The threat posed by the Omicron variant has now come into sharper focus, with recent clinical data and lab studies supporting early reports suggesting it is milder but more transmissible than other variants of the new coronavirus.
“It spreads very, very quickly, but it doesn’t seem to have the virulence or the machismo to really cause as much of a stir as the Alpha or Delta variants,” James Musser, chair of the Houston Methodist Department of Pathology and Genomic Medicine Hospital and the leader of a new study of Omicron infections, said about the variant.

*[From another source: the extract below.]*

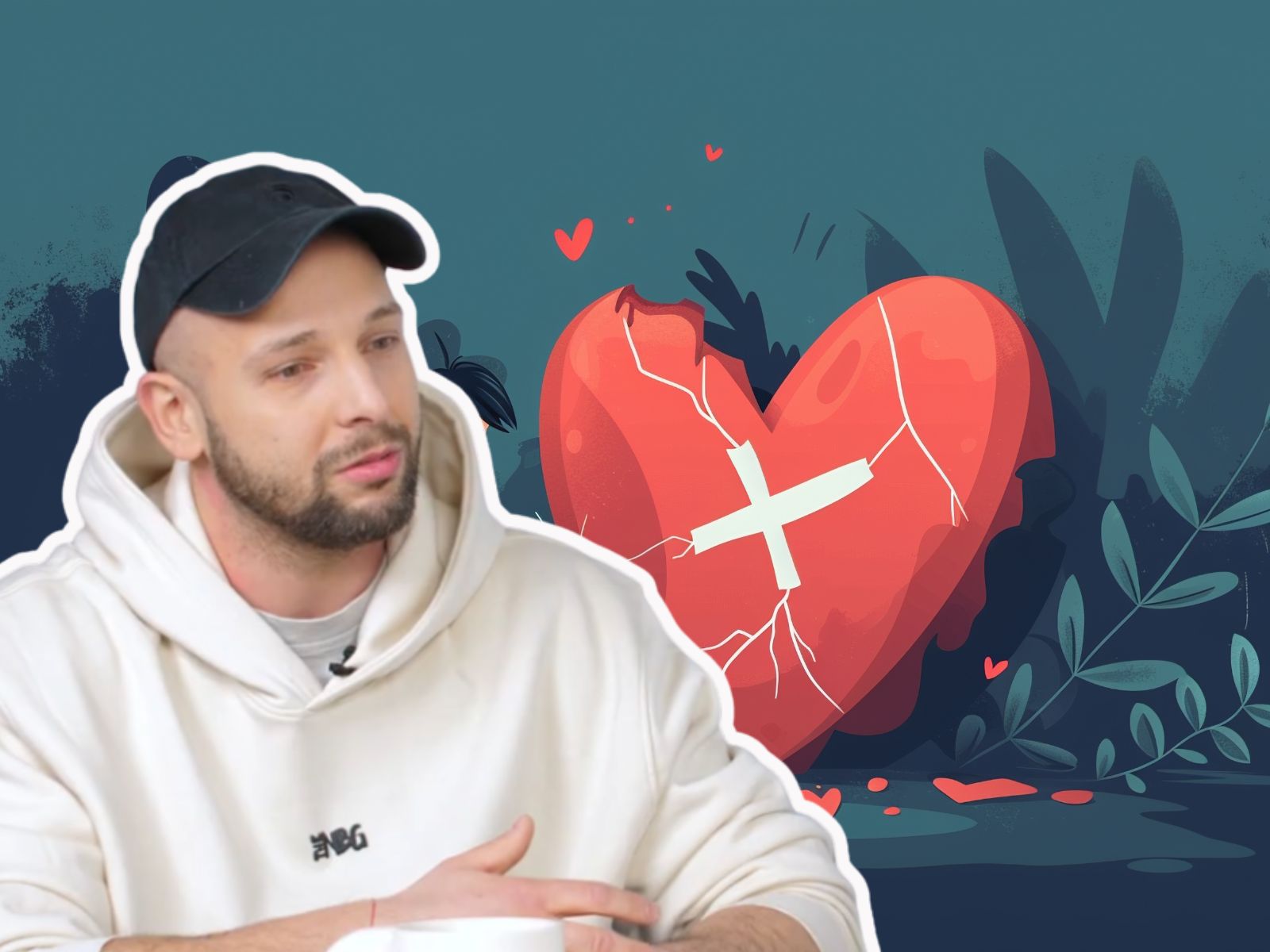 Pela o łataniu złamanych serduszek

Recent lab studies suggest that Omicron’s lower virulence may reflect its apparent tendency to thrive in cells in the upper respiratory tract rather than the lungs, where Covid-19 infections can cause potentially fatal respiratory problems.

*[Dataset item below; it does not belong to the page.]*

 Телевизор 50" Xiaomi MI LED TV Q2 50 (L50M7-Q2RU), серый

Experiments on human respiratory tissues recently conducted at the University of Cambridge and the University of Hong Kong showed that Omicron prefers to infect cells in the bronchi, the tubes that connect the trachea to the lungs, while the Delta variant infects and replicates better in lung tissue.
“Lower respiratory tract replication is a pathway or cause for serious illness, and we could have a situation where a virus leads us to a less serious illness outcome,” said Ravindra Gupta, a University of Cambridge virologist who was involved. during the investigation. .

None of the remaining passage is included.